In recent years, his ability to break down the numbers has vaulted his fund to the top. Over the past five years, the fund ranked in the top 5 percent of all equity funds. Its 15.5 percent average annualized five-year return beat the S&P 500’s virtually flat return for the same period. The subject of many positive articles in financial publications such as Barron’s, Forbes and Fortune, Bob is now a ubiquitous presence on television—CNN, Fox News, and the networks—and has emerged as one of Wall Street’s most respected gurus.
“I’m proud that I’m being considered in the same league as Warren Buffet, who was my hero,” says Bob, who likens his winning investment strategy to Woody Hayes’ resolute “Three yards and a cloud of dust.” As he puts it, “Your best bet in the long run is to make the fewest errors.

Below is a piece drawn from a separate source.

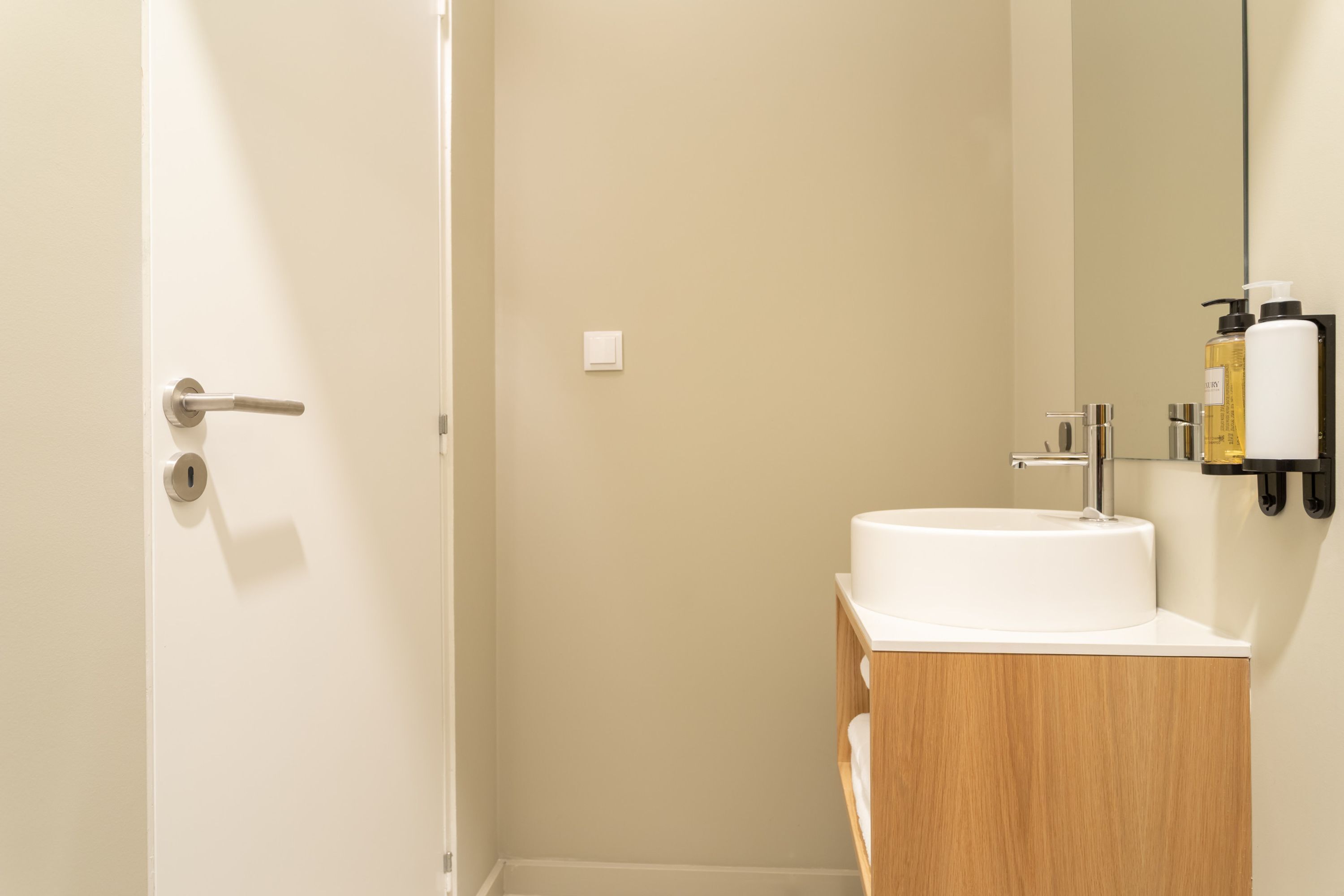 Une salle de bain avec un lavabo blanc, un meuble-lavabo en bois et un miroir.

You play defense, eliminate big errors, and then you consider winning.”
Bob attributes his success to lessons he learned at MSU. A native of the Bronx, NY, where he was both valedictorian and a multi-sport star athlete, he picked MSU because of the mathematics program and the football reputation set by Biggie Munn and Duffy Daugherty. He majored in mathematical statistics as an undergraduate and then received his MBA in accounting. “MSU was the best four years of my life,” says Bob. In statistics, he learned the so-called “null hypothesis” taught to him by advisor and trusted professor James Stapleton, where “you look at all possible outcomes and guard against the worst error”—essentially the basis for his investment strategy.
In graduate school, he recalls, “I was very, very impressed with a couple of accounting professors, George Mead and Roland Salmonson. I became enamored of reading financial pages.” To this day, Bob remains good friends with fraternity brothers from Sigma Nu and other MSU classmates, several who work for and with him. His summer home in the Hamptons proudly displays the “S” flag. And his annual reports are always done in, you guessed it, green and white.